Western has won first place in the Bloom Competition for its unique atmosphere.
"We are judged by [various] areas such as cities, towns, villages, parks, ground covers, floral displays, landscapes and community involvement," explained Jim Galbraith, Western's grounds maintenance and waste management manager.
"The more blooms you [have], the higher up you are. Awards are given by judging from zero to five blooms. There are 10 to 15 categories [for judging] the blooms," he added.
The judges came to Western last summer for documentation and to observe students working together on ground covers for display, Galbraith confirmed. They also met University Students' Council President Nick Staubitz to discuss how students raise money and organize an environmental green plan, Galbraith added.
According to Galbraith, this is the first time Western has won the competition.
- Salina Kam
Would you give it all up for the USC?
Are you looking to give sweat and blood to contribute to the University Students' Council while padding your resumé as well?
The USC's charity ball committee positions are open for applications, which are due on Thursday, Sept. 23 at 4:30 p.m.
"The application is on paper. Answering a few questions and coming up with a small proposal is required for the application," said Lindsay Cunliffe, USC charity ball commissioner.
"Applicants should come up with as much creativity [and as many] ideas as they can. Questions regarding the proposal will be available on the third floor of the [University Community Centre] building," she added.
The USC charity ball will be held on Feb. 5, 2005, and the theme of this big event will be ancient Greece, Cunliffe confirmed. "All eligible committees will be helping out on planning for the ball for six months. All students are welcome to apply for it."
For more information, contact Lindsay Cunliffe at firstname.lastname@example.org.
- Salina Kam
Kool kids give koats to kids for a good kause
The Boys' and Girls' Club of London, along with the London Police Service and the Optimist Club of London, are collecting winter coats and accessories for their annual Koats for Kids program.
"The clothing is being collected for those in need in the London area and will be distributed through the Boys' and Girls' Club in time for the upcoming winter season," said Jeff Arbing, public information officer for the London Police.
All sizes of coats, scarves, mittens, gloves and snow pants are needed and can be dropped off at the London Police Headquarters up to and including Oct. 15, Arbing confirmed. He added they can also be dropped off at the London Boys' and Girls' Club.
Arbing said they are asking the public to bring in wearable used or new winter clothing to be donated to those in need.
"We're asking that the public bring down their donations to help out those less fortunate in their communities."
- Sarah Phillips
Feminism, Islam, Israel and homosexuality
For those who attended the lecture of Dr. Uri Davis last week, an alternate perspective is being brought to Western this Wednesday.

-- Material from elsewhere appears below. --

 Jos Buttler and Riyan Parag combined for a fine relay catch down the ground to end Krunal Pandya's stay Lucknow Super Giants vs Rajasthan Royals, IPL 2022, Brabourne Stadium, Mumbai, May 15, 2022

Irshad Manji, author of The Trouble With Islam, will be speaking at 5:30 p.m. in Room 1R40 of the Ivey building. The title of her lecture is "Israel, Islam and Diversity."
The event is being sponsored by the Israel Action Committee, UWOut and the Women's Issues Network.
"We want to show that Israel is an accepting, diverse society and more similar to Canada than people realize," stated Matthew Fisher, president of the Israel Action Committee.
Besides speaking about Israel, Manji will also be discussing the issues she has faced as a woman and a lesbian.
"As a queer feminist, and someone who is outspoken on women's rights, [Manji's] lecture will provide a great opportunity to explore further issues faced by women across the world," said Kelly Wilson, president of WIN.
Manji was voted "Feminist of the 21st Century" by Ms. Magazine and is a producer for "Queer Television" on CityTV.